BEGIN DATA SUPPLIED

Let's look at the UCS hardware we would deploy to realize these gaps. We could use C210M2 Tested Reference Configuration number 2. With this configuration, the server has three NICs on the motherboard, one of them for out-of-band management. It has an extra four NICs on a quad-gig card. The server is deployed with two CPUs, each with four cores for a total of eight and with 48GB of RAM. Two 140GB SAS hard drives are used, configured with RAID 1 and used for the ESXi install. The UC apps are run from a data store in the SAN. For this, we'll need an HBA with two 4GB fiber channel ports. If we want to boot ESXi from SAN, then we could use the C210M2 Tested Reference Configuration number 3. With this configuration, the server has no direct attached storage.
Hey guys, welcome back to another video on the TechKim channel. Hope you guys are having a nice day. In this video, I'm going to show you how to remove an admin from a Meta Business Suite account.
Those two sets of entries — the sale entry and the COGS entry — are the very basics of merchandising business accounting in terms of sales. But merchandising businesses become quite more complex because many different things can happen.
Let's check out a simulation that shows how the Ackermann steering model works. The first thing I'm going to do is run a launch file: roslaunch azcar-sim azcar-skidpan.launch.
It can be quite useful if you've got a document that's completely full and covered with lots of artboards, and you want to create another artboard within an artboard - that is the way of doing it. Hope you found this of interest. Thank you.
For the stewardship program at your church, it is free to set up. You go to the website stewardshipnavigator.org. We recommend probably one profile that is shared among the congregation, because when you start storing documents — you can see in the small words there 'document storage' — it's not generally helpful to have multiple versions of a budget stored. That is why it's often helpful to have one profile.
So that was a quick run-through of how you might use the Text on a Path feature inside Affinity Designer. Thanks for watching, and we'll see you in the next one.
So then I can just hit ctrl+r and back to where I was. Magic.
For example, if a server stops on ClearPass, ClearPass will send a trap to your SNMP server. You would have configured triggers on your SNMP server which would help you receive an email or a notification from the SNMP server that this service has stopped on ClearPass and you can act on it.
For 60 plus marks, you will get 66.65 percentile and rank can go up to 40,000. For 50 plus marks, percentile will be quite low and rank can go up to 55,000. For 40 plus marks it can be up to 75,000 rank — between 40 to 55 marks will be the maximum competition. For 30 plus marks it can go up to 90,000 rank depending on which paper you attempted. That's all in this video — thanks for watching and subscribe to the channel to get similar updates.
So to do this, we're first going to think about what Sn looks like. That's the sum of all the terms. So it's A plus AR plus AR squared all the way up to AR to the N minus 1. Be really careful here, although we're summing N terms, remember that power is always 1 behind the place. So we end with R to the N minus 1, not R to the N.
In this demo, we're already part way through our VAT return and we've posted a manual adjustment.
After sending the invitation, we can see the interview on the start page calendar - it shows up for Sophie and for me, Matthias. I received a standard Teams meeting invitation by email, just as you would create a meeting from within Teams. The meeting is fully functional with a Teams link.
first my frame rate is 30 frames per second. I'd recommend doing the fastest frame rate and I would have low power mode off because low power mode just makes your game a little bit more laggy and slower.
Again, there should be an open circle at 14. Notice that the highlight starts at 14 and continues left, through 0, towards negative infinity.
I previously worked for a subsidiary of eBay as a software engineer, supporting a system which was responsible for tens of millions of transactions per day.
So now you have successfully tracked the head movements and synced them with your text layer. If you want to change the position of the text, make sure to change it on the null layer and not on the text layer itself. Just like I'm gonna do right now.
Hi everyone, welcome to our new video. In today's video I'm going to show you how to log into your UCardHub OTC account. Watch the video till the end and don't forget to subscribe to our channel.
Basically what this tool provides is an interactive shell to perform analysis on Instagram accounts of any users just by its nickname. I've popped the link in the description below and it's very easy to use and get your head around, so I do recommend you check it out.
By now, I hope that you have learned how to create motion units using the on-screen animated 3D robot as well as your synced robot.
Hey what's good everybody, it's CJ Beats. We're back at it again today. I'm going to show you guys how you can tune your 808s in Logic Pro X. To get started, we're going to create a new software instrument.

END DATA SUPPLIED

### [ASSIGNMENT]
The required output is every line above that contains the string "because".

### [RESULT OF THE TASK]
Those two sets of entries — the sale entry and the COGS entry — are the very basics of merchandising business accounting in terms of sales. But merchandising businesses become quite more complex because many different things can happen.
For the stewardship program at your church, it is free to set up. You go to the website stewardshipnavigator.org. We recommend probably one profile that is shared among the congregation, because when you start storing documents — you can see in the small words there 'document storage' — it's not generally helpful to have multiple versions of a budget stored. That is why it's often helpful to have one profile.
first my frame rate is 30 frames per second. I'd recommend doing the fastest frame rate and I would have low power mode off because low power mode just makes your game a little bit more laggy and slower.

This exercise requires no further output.